→ What to do: Would you transcribe exactly the lines from the one containing "Anti-NFIB/NF1B2 Antibody (monoclonal, 4D6E4)" to the last line of the data below, both ends included, but none of the pictures?

→ Supplied material:
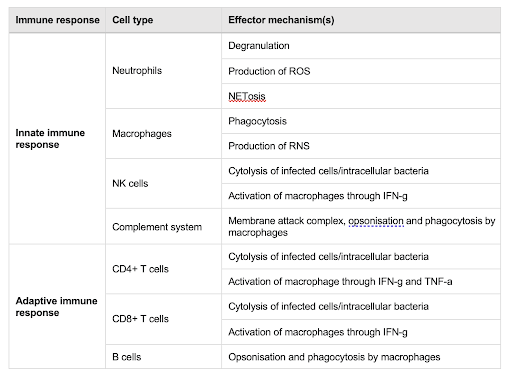 File:Overview of the effector functions of cells involved in the innate and adaptive response.png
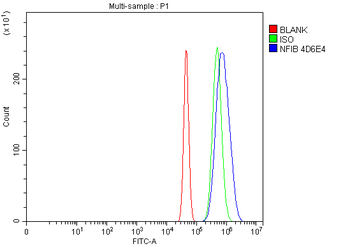 Anti-NFIB/NF1B2 Antibody (monoclonal, 4D6E4)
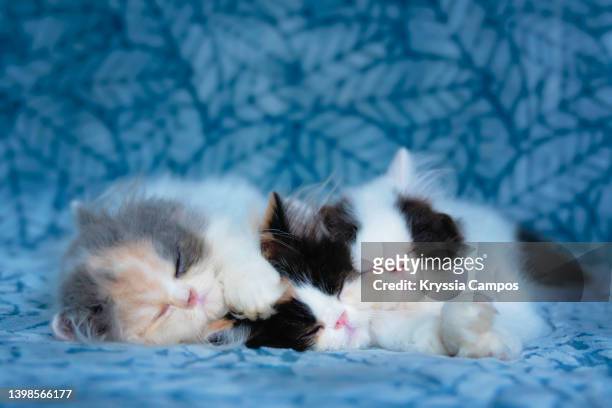 three persian kittens sleeping on a blue blanket - grupo pequeño de animales fotografías e imágenes de stock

→ Answer to the problem:
 Anti-NFIB/NF1B2 Antibody (monoclonal, 4D6E4)
 three persian kittens sleeping on a blue blanket - grupo pequeño de animales fotografías e imágenes de stock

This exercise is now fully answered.